Indian equity benchmarks opened under significant selling pressure on Wednesday, dragged down by a weakening domestic currency and a cautious mood among investors. The market sentiment was weighed upon by the commencement of the Reserve Bank of India's Monetary Policy Committee (MPC) meeting and the anticipation surrounding the high-profile meeting between Prime Minister Narendra Modi and Russian President Vladimir Putin scheduled for December 4-5.

Market Opens Volatile, Erases Early Gains

The trading session began with modest gains but quickly turned negative. The Nifty 50 index opened at 26,043.60, up 11.40 points or 0.04%, but swiftly declined to touch the 25,942 level, highlighting early session volatility. Similarly, the Sensex started at 85,180.72, higher by 42.45 points or 0.05%, only to retreat to around 84,840 as selling intensified across sectors.

Market analysts pointed to the steep depreciation of the Indian Rupee against the US dollar and the continued withdrawal of funds by Foreign Portfolio Investors (FPI) as primary reasons for the downturn. This combination has created a negative feedback loop for equities, raising fresh concerns about the broader macroeconomic stability.

Expert View: Nifty Faces Key Resistance

Jay Thakkar, Vice President & Head of Derivatives and Quant Research at ICICI Securities, provided a technical outlook on the market. He noted that the Nifty 50 is encountering strong resistance near the 26,300 mark and has failed to close above this level despite multiple attempts. The index slipped towards 26,000 during the weekly expiry, a level that holds the highest cumulative put base, providing temporary support.
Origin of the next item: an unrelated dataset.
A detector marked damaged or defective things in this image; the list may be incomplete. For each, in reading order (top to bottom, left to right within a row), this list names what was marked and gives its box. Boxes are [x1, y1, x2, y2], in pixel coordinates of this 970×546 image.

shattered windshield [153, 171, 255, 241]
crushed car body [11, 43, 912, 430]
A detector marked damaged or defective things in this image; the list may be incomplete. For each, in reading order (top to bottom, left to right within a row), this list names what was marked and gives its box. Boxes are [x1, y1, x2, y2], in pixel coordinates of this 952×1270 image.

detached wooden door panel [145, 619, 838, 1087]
Thakkar stated, "Below 26,000 levels, it is likely to slip towards 25,800 which is the next hurdle for the Index." He added that the short-term trend appears sideways to negative, driven more by profit-booking than a full trend reversal, unless the index decisively breaks above the 26,200-26,300 zone.

Stocks to Watch: ICICI Securities' Near-Term Picks

Jay Thakkar of ICICI Securities has recommended three futures contracts for the near term based on technical and derivatives data:

Cyient Futures: Recommended buy range is ₹1,190-1,170 with a stop loss at ₹1,130 and targets of ₹1,270-1,320. The stock has broken out from a falling trendline and shows signs of short-covering, having closed above its max pain level.
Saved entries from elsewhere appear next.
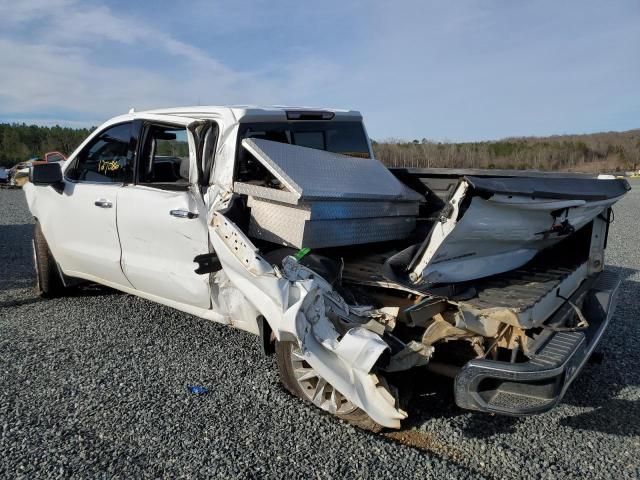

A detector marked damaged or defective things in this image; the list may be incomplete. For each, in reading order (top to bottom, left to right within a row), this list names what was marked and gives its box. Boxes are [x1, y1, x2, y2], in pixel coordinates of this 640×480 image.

severe collision damage [26, 108, 632, 432]
crushed rear bumper [456, 272, 620, 414]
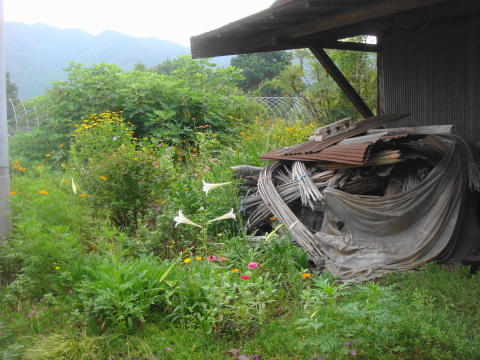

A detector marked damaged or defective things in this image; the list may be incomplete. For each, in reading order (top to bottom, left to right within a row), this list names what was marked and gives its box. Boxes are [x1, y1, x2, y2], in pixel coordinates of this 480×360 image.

rusty corrugated metal sheet [382, 16, 480, 143]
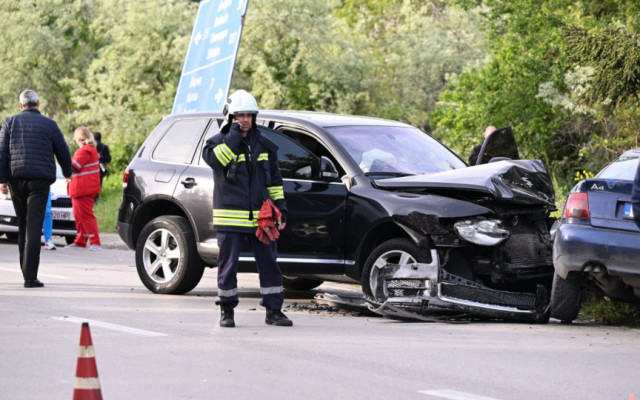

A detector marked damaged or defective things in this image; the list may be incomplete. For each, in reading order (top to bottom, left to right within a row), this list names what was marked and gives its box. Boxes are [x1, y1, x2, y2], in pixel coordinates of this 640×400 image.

damaged black suv [119, 110, 556, 322]
broken headlight [456, 219, 510, 247]
crumpled front bumper [368, 250, 552, 322]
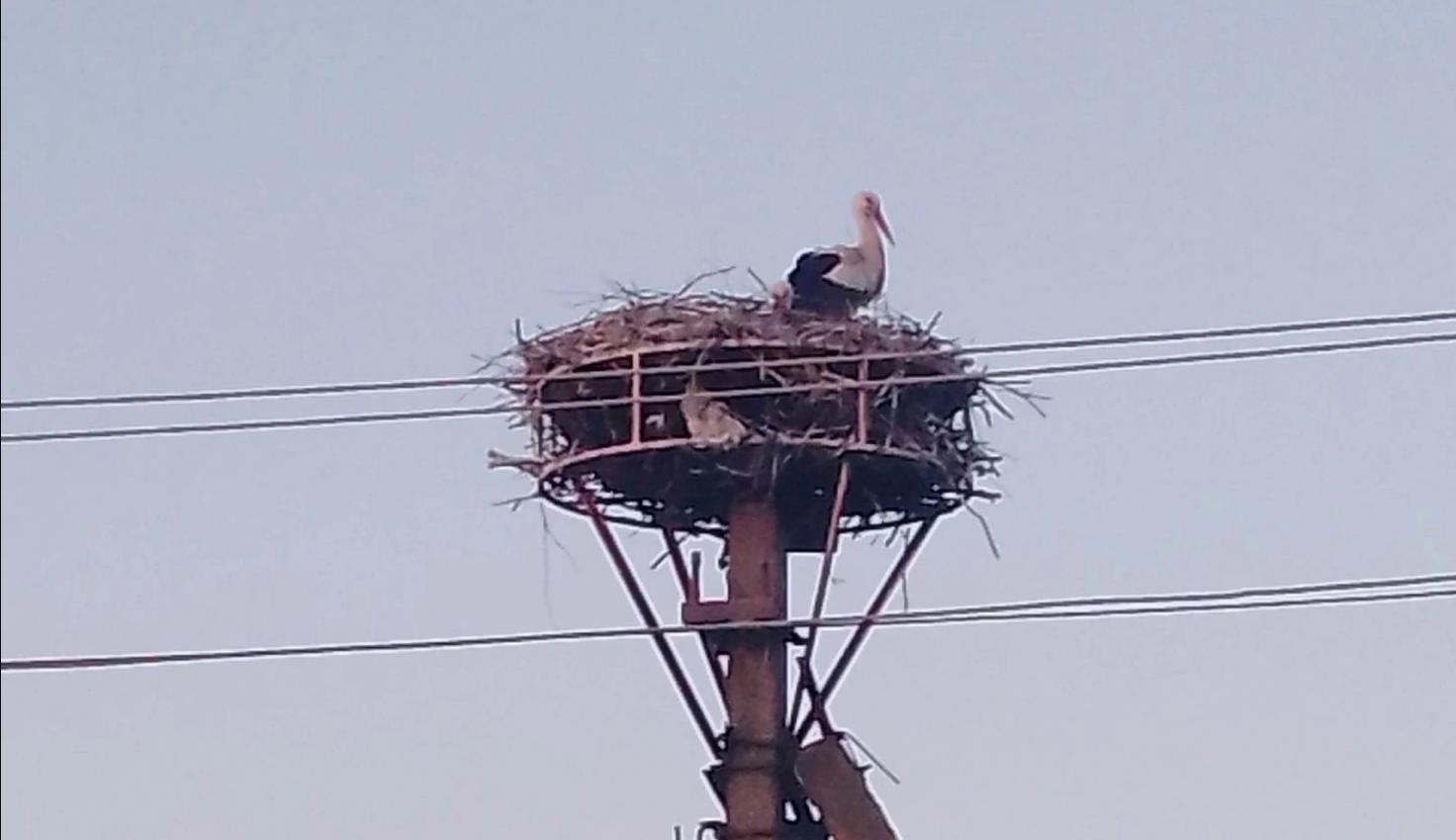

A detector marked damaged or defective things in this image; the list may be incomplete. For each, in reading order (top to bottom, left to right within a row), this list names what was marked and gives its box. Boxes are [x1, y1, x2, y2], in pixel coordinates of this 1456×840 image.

rusty metal frame [573, 480, 722, 757]
rusty metal frame [661, 529, 728, 701]
rusty metal frame [785, 459, 850, 727]
rusty metal frame [797, 517, 932, 739]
BPCL Futures: Recommended buy range is ₹355-365 with a stop loss at ₹345 and targets of ₹385-400. The stock has broken multiple swing resistances with rising Open Interest, indicating long buildup. It also saw significant long rollovers from the November to December series.
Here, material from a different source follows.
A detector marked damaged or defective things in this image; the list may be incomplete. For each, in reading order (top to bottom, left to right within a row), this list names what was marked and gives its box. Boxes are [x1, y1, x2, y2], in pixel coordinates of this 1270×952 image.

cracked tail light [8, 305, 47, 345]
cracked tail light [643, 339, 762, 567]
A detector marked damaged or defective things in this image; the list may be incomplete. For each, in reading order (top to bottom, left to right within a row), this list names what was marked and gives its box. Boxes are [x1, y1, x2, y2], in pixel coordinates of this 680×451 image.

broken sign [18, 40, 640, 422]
Colgate Palmolive (India) Futures: Recommended buy range is ₹2,150-2,180 with a stop loss of ₹2,100 and targets at ₹2,280-2,320. The stock shows a positive divergence in momentum, suggesting potential short-covering if it sustains above the 2,200 level, which is a key resistance point.

Disclaimer: The views and recommendations are those of the individual analyst. Investors are advised to consult certified experts before making any investment decisions, as market conditions are subject to change.